By Patti Weaver
(Stillwater, Okla.) — A felony charge of accessory to first-degree murder has been dropped against the then-girlfriend of one of the three Stillwater men who admitted participating in a gruesome slaying in which the victim was beaten and stabbed before his corpse was set on fire.
District Judge Phillip Corley dismissed the case against Storm Burnett Fields, 31, now of Ponca City, on the recommendation of District Attorney Laura Austin Thomas, who wrote in an Oct. 22 motion, “The defendant may have a valid duress defense. The defendant has been cooperative.”
Fields, who lived in the Stillwater house where the slaying occurred four years ago, had been charged as an accessory for allegedly helping clean the homicide scene and dispose of evidence. She had been free on $5,000 bail since her arraignment on April 10, 2017.
The slain man, Michael Dwayne Hamilton, 38, of Stillwater, who previously lived in Cushing, was identified by the tattoos on his badly burnt body, authorities said.
All three admitted killers, as well as the victim, had methamphetamine-related convictions and previously served prison terms, state Department of Corrections records show.
Fields’ then-boyfriend, Gregory Gavin Guard, 43, was sentenced in September to a 10-year prison term on a charge reduced from first-degree murder to first-degree manslaughter, with a concurrent three-year prison term for desecrating a corpse.
Guard “was the only one we think would be entitled to a possible self-defense instruction,” if he had a jury trial, the DA said.
Former Cushing resident Anthony Wayne Endrina, 52, avoided a jury trial in September on a first-degree murder charge by accepting a plea bargain on a reduced charge of second-degree murder, for which he was given a 12-year prison term followed by 10 years of probation, with a concurrent seven-year prison term for desecrating a corpse.
His distant relative, former Cushing resident Gary Allen Schaffner Jr., 47, who called Endrina “uncle,” also accepted a plea bargain on a reduced charge of second-degree murder for which he was given a 15-year prison term followed by 10 years of probation, with a concurrent seven-year prison term for desecrating a corpse.
During a preliminary hearing in the March 28, 2017, slaying, Stillwater Police Chief Jeff Watts, who was then a detective lieutenant, testified that when he interviewed Schaffner three days after the killing, “I suggested it (Hamilton’s slaying) was related to a drug transaction between Anthony Endrina and Michael Hamilton.”

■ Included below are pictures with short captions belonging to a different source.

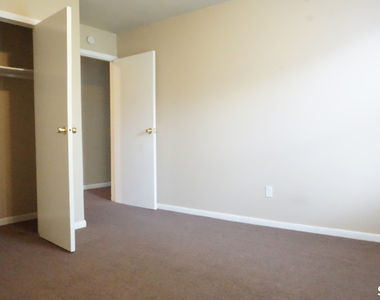 136 Sherman Street - Photo Thumbnail 19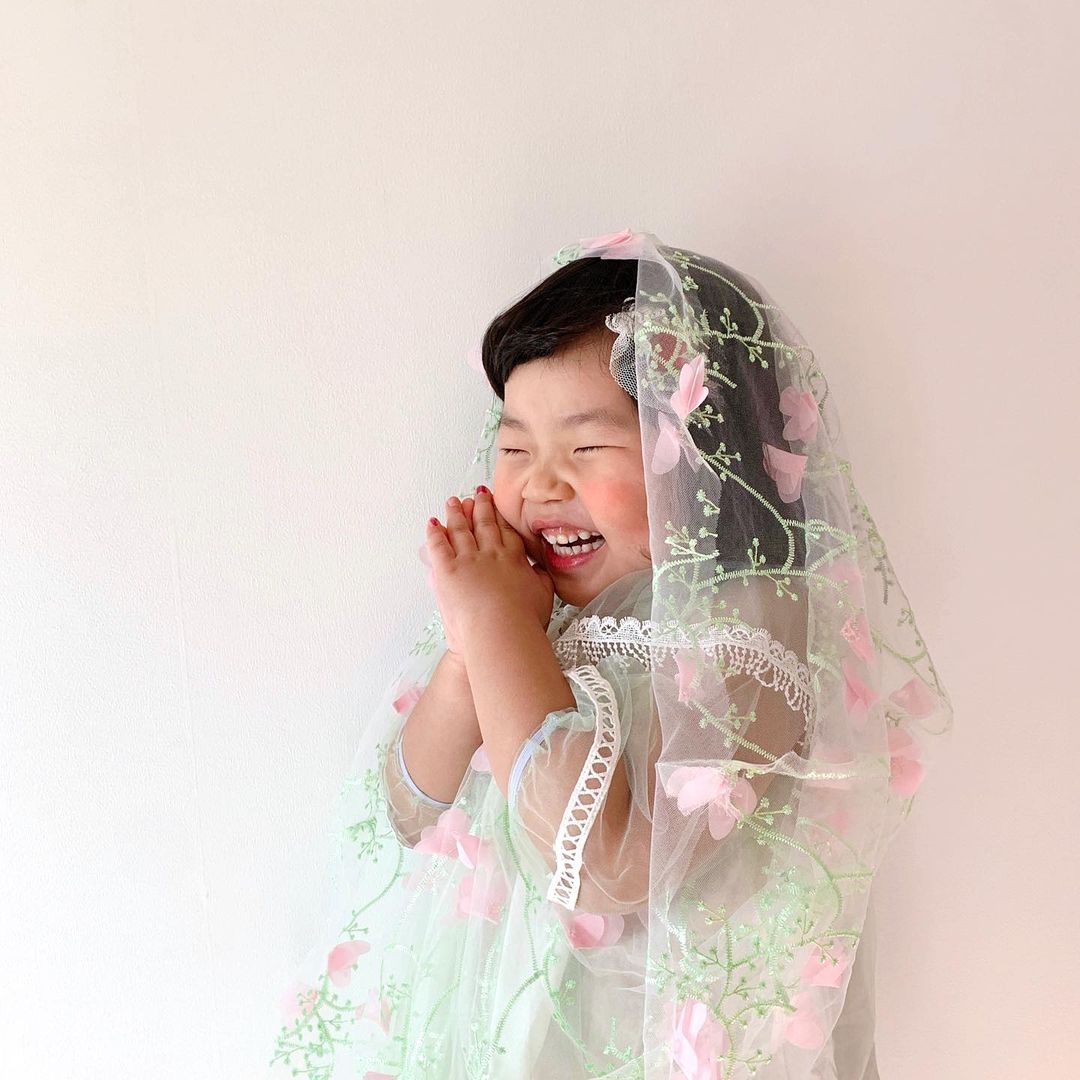 韓國6歲「大嬸系小妹妹」爆紅!超浮誇表情+可愛雙下巴散發超強喜感,吸近14萬粉絲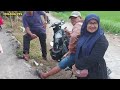 alhamdulillah kambing kesayangan nia melahirkan tamu dari malaysia kunjungi rumah nks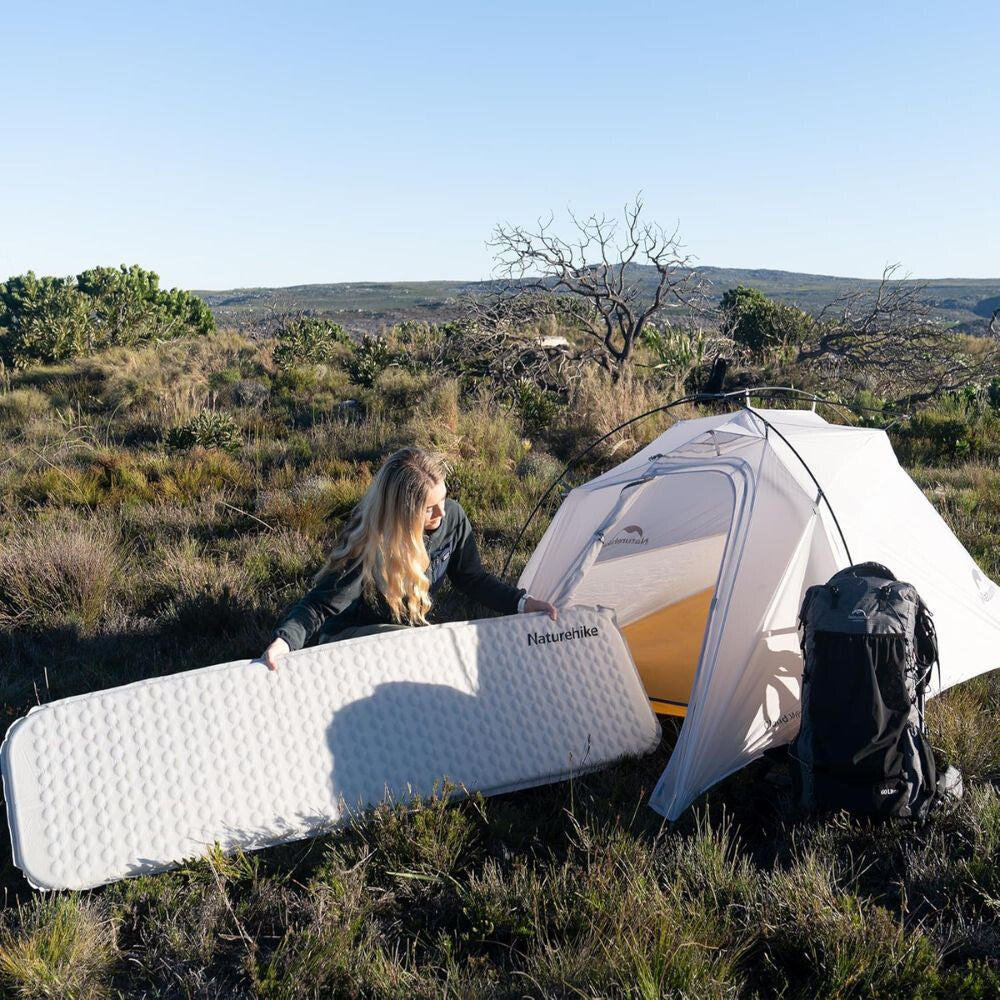 Naturehike Könnyen Felfújható Kempingmatrac – 3,5 cm Vastag, Ultrakönnyű (490 g), Téglalap Forma, Világosszürke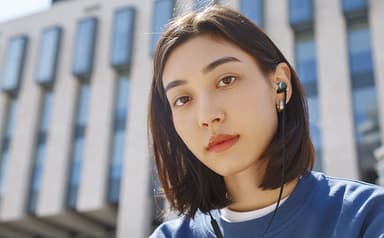 JBL Tune 310 USB C in-ear høretelefoner (sort)
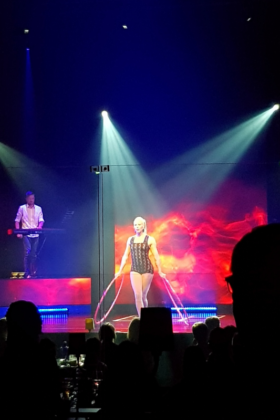 „Elektro“ im GOP Varieté-Theater Bremen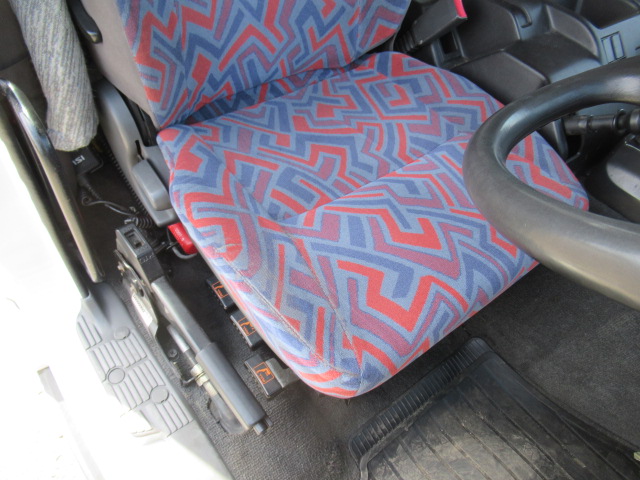 いすゞギガダンプ大型（10t）[写真26]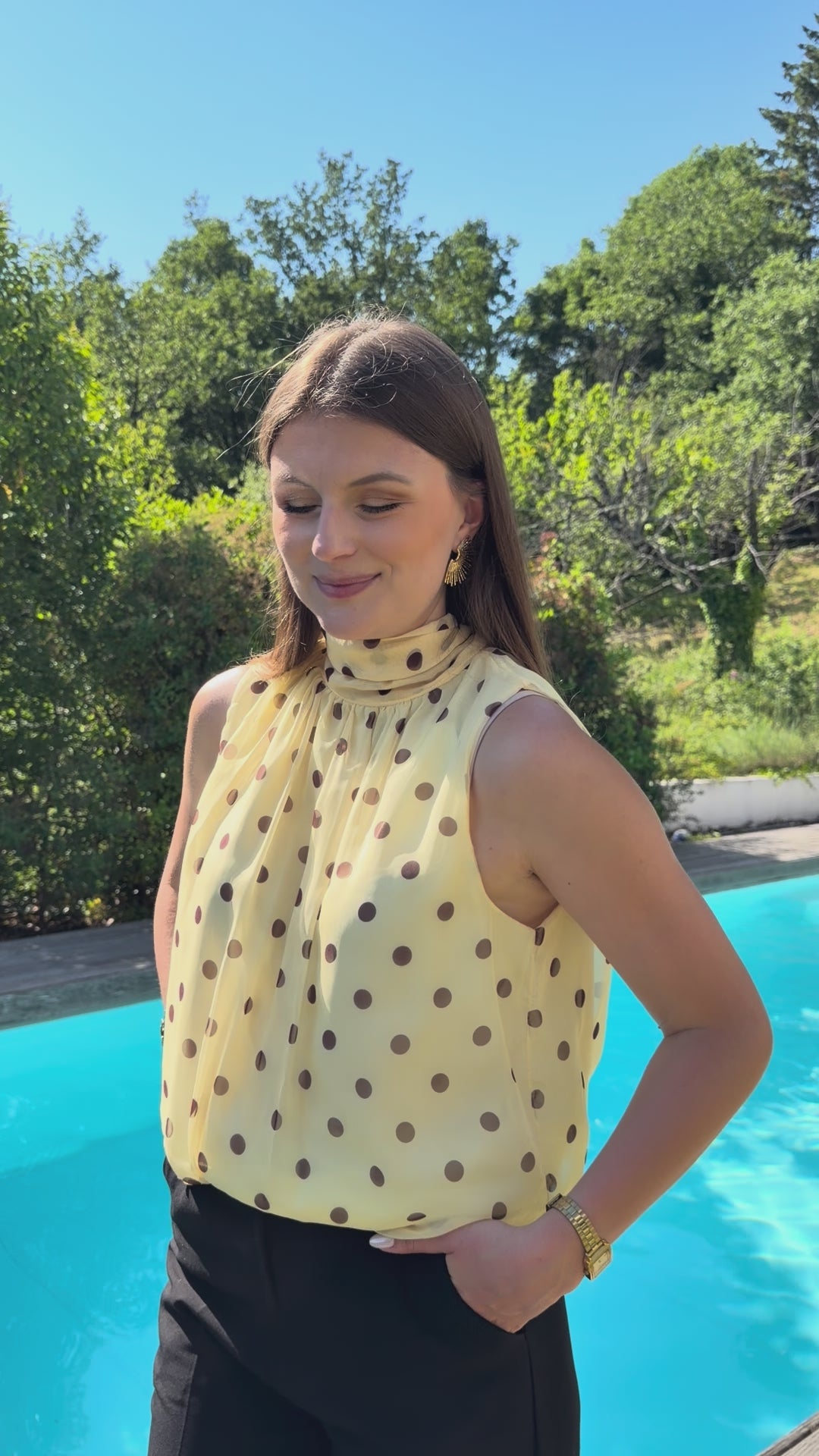 vidéo présentation blouse jaune à pois chocolat sans manche style chic et élégant pour femme 
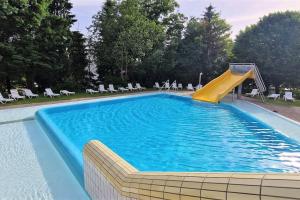 Bazén v ubytování 2-Zimmer Wohnung, Pools, Sauna und Balkon nebo v jeho okolí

In a news release, the DA said, “All three (homicide) defendants, the victim, and every civilian witness have prior criminal histories including extensive illegal drug involvement. Those criminal histories would have been relevant to a jury. Each defendant’s statement, as to what they and their co-defendants did, is not admissible against the other defendants.
“Lay witnesses were hesitant to testify, and the success of the case was dependent upon the defendant’s statements. Given those obstacles, we are satisfied we are removing these (homicide) defendants from society for significant periods of time.”